預言書としての詩篇(から始まって、今や、様々)

愛される詩篇。その麗しさだけでなく、嘆き、呻きも共感を呼ぶが、預言書としての深い真実があることを解きほぐす。そのほか、つれづれに。

詩篇119 その⑰(137~144節)

 「涙が川のように流れます」(136節)とあるが、そんなに出るわけがない。当然ながら「川のように」は詩的な表現であって事実ではない。いくら聖書とは言え、何でもかんでも「文字通り」に信じるのではなく「聖書は何を言わんとしているか」を読み取るべきなのである。


 とにかく詩人は、御言葉を非常に愛している。

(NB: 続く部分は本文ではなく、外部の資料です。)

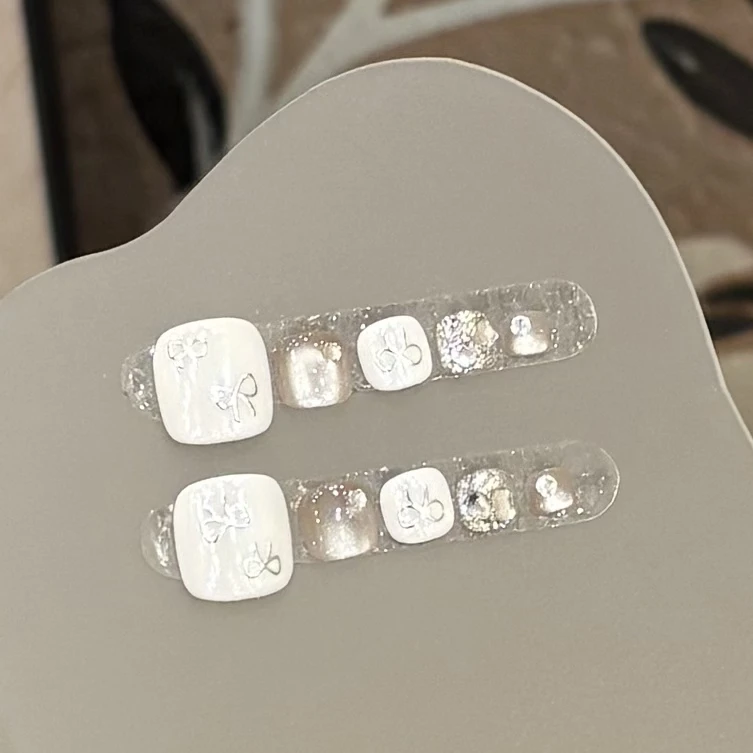 奶霜花语（脚甲12片装）-茉莉Molly轻奢手工穿戴甲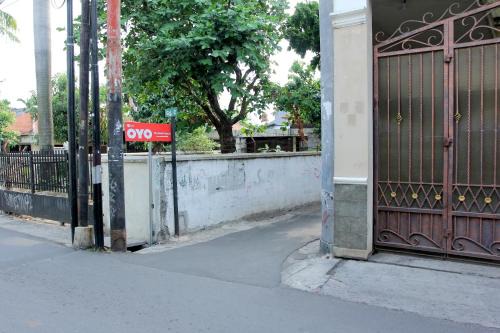 Jakarta Hotel | Hotel O Rumah Ayub Syariah
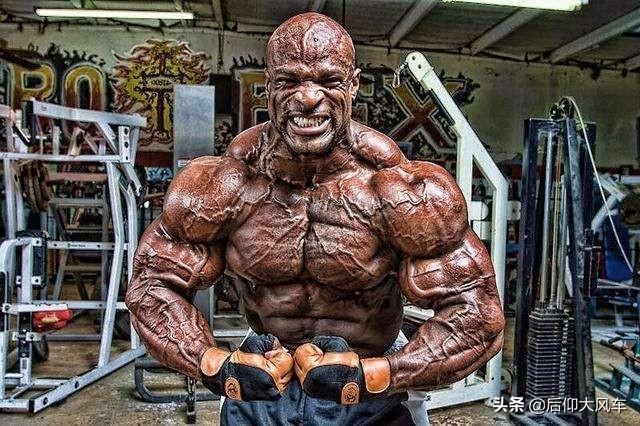 罗尼库尔曼:张伟丽打得过没锻炼过格斗的健美选手吗?（一米8的罗尼那种）？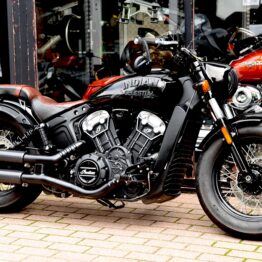 INDIAN SCOUT BOBBER (A2)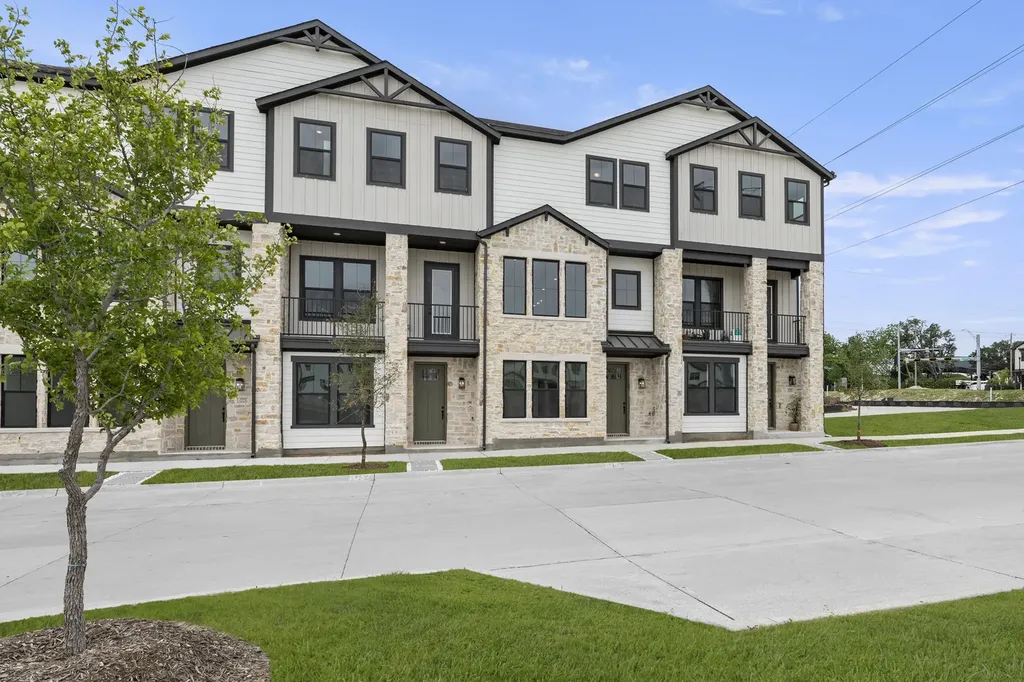 1041 Concan Drive Plano TX 75075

その熱心さが「私を滅ぼし尽くしてしまいました」(139節)とはどういうことか。信仰に熱心過ぎて家庭崩壊を招いたのだろうか。いや、原因は、御言葉を愛したからではない。逆に、敵(同胞)が神の言葉を忘れている(ゆえに、偽りや惑わしを吹聴する)からである。これは136節と同じパターンだ。何しろ、本来なら神の家族である同胞が詩人に敵対し、惑わし、滅びの道へと誘うのだから悲しくて魂が打ちひしがれるのも無理はない。それもこれも、詩人が熱心に御言葉の真理を愛するがゆえである。何故なら、霊的な真理は、この世の主であるサタンにとっては邪魔で仕方がないからだ。だから主イエスも弟子達も迫害された。そして今でも、真理を愛する人は、敵の標的とされるのだ。

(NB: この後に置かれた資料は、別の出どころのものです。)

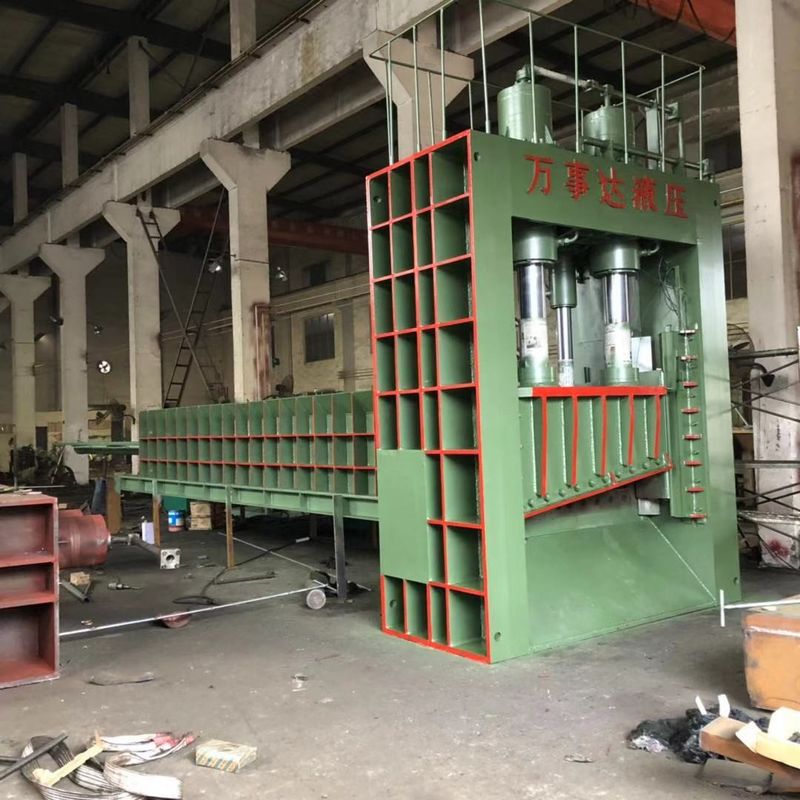 8000kN Gantry Shear with 8000×1950×900mm Loading Room for Heavy Scrap Metal Recycling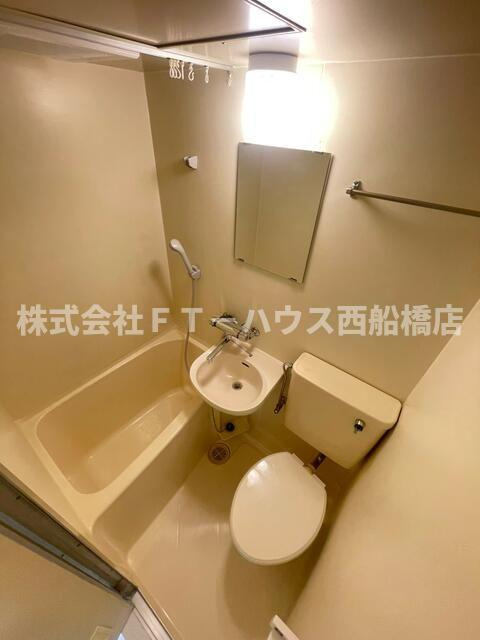Ｒ　ＦＩＥＬＤＳ　ＧＹＯＴＯＫＵの浴室
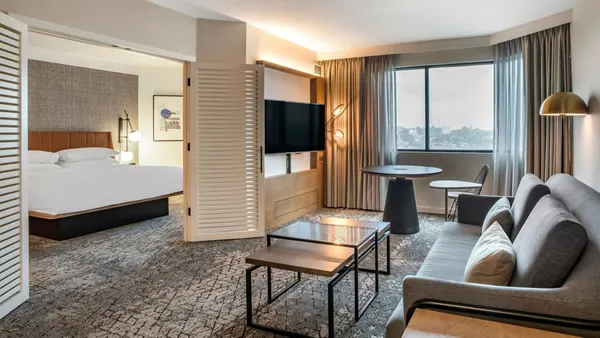 Sheraton Suites Wilmington Downtown photo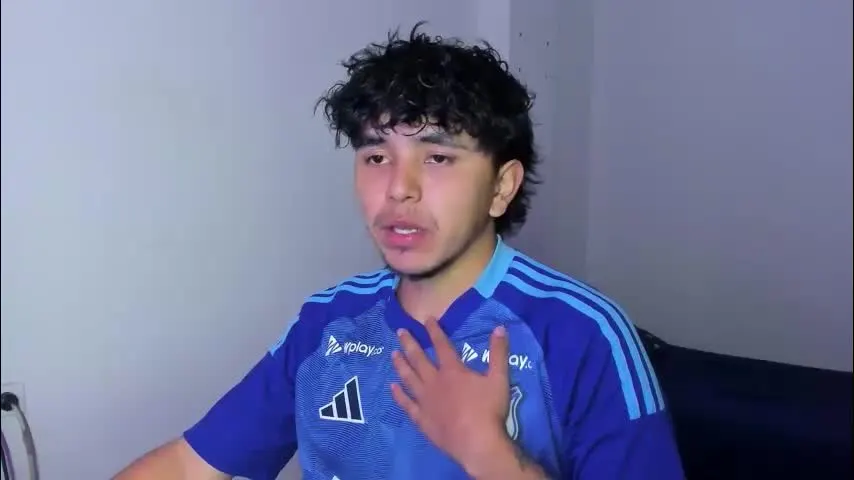 thiago_wc — Shows his hard cock #bigcock #cum #teen #new #hairy [55 tokens remaining]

 ではやはり、御言葉を愛する熱心さのゆえに滅びるということか。いや逆だ。御言葉を愛さないということこそが滅びを招くのである。140節は新共同訳では、御言葉は「火で練り清められたもの」だ。すなわち、純粋(混じり気がない、真実)で、それゆえに、その裁きは絶対で正しい。背く者は滅びるのだ。しかし、従う者には(たとえ地上では迫害があっても)正しい裁きによって救われる。それが喜び・楽しみだと詩人は言う(141~143節)。だから、御言葉の正しさを悟らせ理解させて欲しい(それによって命を得させて欲しい)と詩人は願うのである(144節)。神の言葉の正しさ、それが命なのだ。

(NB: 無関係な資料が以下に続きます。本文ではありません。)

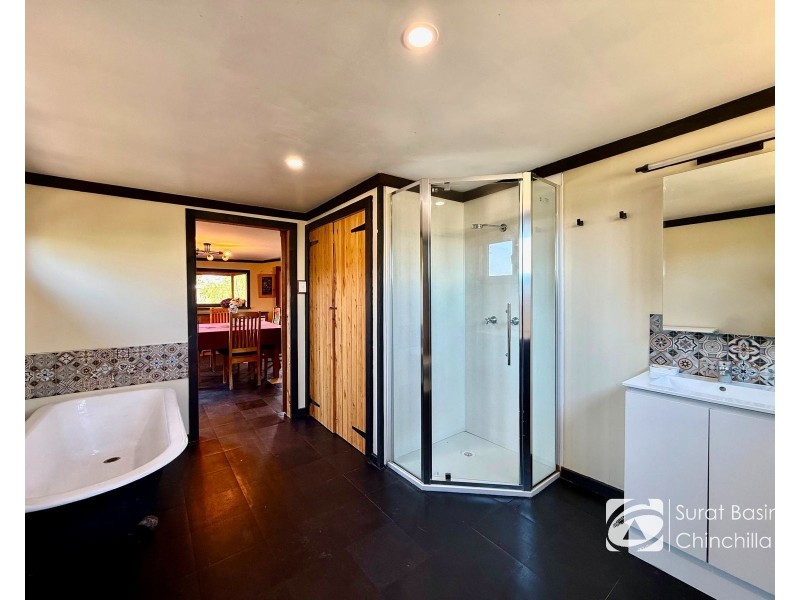 7 Ford Street, Taroom QLD 4420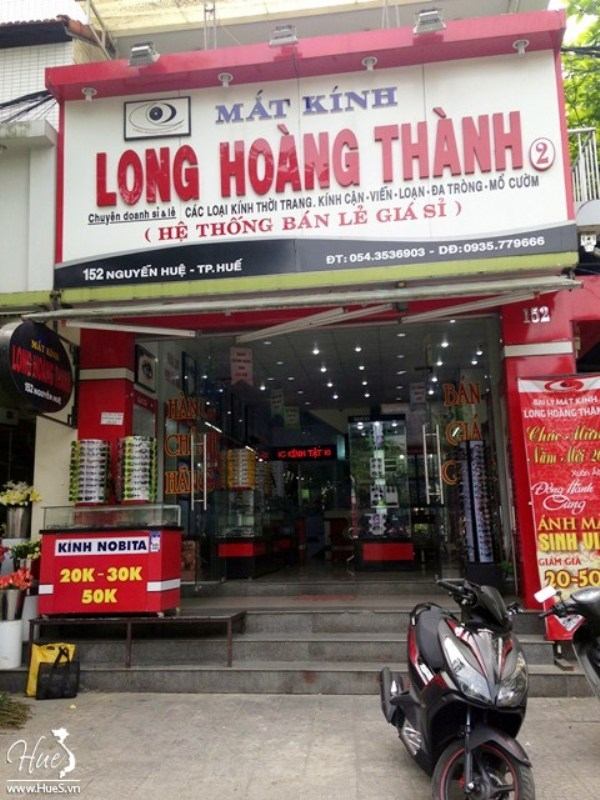 Kính mắt Long Hoàng Thành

 最大の危機(滅び・地獄)を避けるために必要なこと、それは、真実な主の御教えを愛することである。真理を愛するがゆえに敵の標的とされるかもしれなくとも、である。決して、迫害を恐れるな(堂々と殉教せよ)ということではない。ただ、霊的真理を守ることが命を守ることなのである。それを見失ってはいけない。そのために私達も詩人と同じく「悟りを与えて、生かして下さい」と祈ろう。